Pictures excluded, retype the lines from the one containing "Rocca Del Vento" through the last line of the data below, both included.

Stored items from a collection:
<<<<
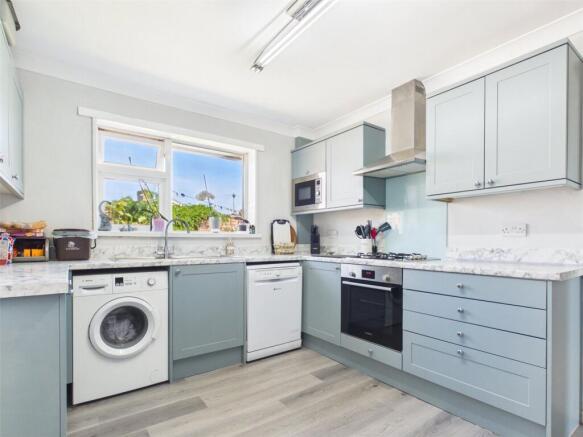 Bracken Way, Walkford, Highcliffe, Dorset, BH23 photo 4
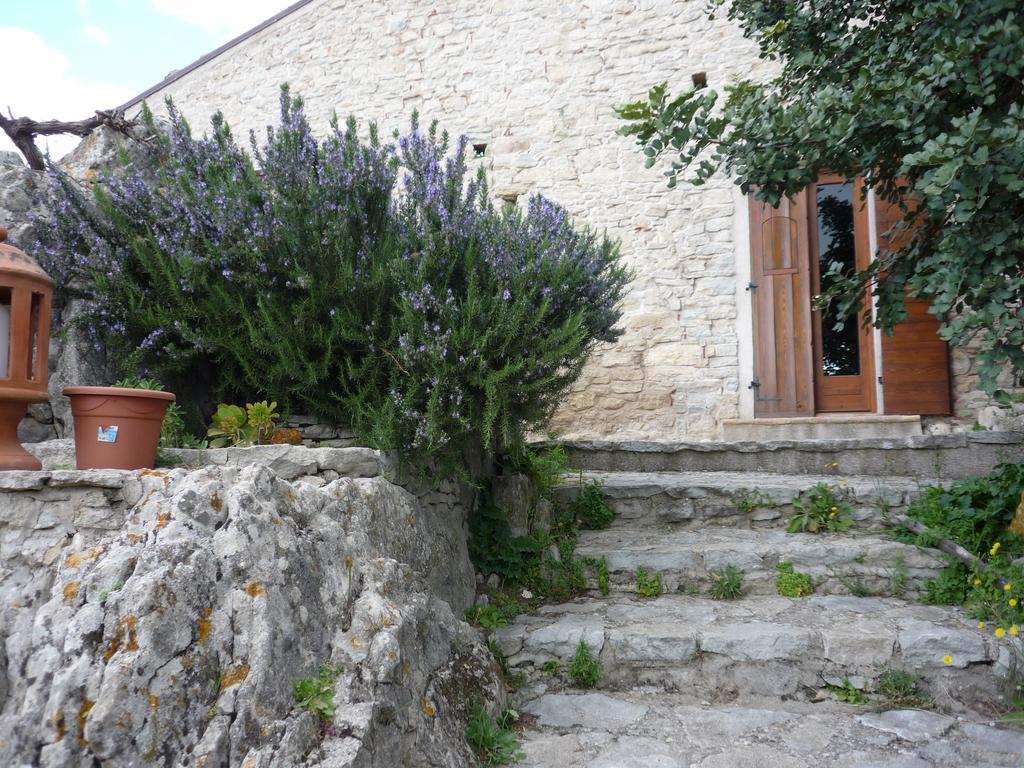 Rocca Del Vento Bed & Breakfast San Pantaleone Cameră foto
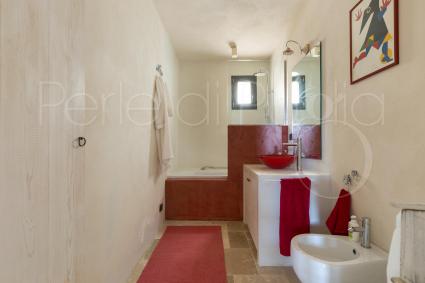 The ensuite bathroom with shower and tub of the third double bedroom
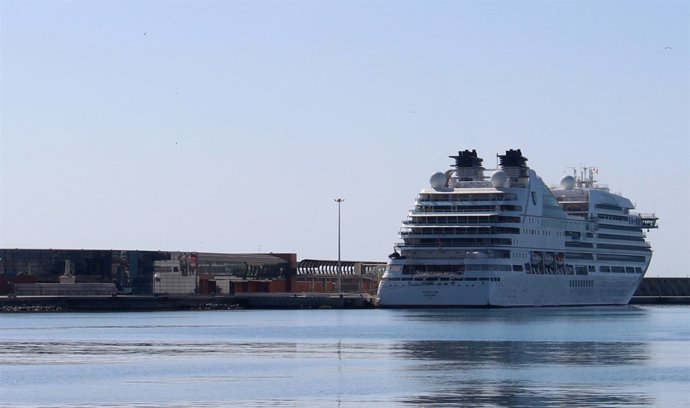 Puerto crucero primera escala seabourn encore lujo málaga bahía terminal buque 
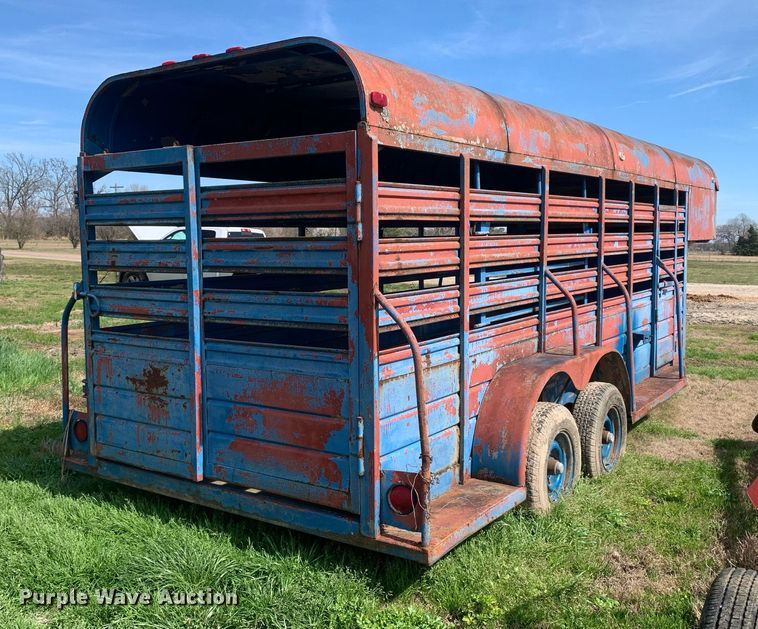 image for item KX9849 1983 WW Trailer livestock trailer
>>>>
## Output of the exercise
 Rocca Del Vento Bed & Breakfast San Pantaleone Cameră foto
 The ensuite bathroom with shower and tub of the third double bedroom
 Puerto crucero primera escala seabourn encore lujo málaga bahía terminal buque 
 image for item KX9849 1983 WW Trailer livestock trailer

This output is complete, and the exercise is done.